Goal of the exercise:
Count the lines in the records below that contain the word "Womens", and reply with only that number.

Dataset:
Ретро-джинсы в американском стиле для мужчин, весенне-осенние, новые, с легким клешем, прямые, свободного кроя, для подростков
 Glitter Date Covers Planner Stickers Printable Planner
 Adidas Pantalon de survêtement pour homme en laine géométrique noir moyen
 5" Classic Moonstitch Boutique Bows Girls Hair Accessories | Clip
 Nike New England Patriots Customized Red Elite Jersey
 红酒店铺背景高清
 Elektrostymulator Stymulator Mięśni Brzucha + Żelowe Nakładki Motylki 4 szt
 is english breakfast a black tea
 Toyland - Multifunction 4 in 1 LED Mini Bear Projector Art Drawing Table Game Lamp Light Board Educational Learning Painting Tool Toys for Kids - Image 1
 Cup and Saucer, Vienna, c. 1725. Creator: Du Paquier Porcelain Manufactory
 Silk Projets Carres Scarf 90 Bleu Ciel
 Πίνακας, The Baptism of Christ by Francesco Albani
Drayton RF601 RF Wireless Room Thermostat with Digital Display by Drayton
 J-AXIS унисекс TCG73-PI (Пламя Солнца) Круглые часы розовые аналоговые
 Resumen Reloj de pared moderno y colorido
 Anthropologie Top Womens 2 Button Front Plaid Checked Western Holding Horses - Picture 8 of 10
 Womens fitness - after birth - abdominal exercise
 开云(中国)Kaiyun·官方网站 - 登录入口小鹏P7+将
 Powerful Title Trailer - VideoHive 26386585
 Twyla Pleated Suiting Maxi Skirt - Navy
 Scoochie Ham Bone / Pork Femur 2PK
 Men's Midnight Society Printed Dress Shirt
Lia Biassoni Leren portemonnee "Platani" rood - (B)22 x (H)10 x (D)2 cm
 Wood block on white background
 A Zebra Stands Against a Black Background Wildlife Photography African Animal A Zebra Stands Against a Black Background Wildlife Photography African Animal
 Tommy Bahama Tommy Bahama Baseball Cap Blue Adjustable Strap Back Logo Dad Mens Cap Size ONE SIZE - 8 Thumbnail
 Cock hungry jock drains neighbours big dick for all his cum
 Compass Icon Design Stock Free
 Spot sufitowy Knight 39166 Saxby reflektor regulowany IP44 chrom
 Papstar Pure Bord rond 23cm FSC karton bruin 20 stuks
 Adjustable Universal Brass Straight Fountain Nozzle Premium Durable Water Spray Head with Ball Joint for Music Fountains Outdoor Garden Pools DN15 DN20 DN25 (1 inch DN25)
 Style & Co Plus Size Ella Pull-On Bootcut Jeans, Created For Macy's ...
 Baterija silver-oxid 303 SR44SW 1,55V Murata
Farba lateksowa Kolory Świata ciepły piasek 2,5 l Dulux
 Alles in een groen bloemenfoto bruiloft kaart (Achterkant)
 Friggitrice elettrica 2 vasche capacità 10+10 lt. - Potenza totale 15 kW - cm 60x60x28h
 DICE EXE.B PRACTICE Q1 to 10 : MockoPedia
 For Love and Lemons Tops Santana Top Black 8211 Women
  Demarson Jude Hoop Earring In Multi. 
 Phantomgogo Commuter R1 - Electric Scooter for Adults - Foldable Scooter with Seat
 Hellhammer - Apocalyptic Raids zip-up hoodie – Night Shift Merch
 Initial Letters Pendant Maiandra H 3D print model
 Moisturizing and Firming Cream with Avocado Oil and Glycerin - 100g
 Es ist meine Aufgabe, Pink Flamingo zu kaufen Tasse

Exercise response:
2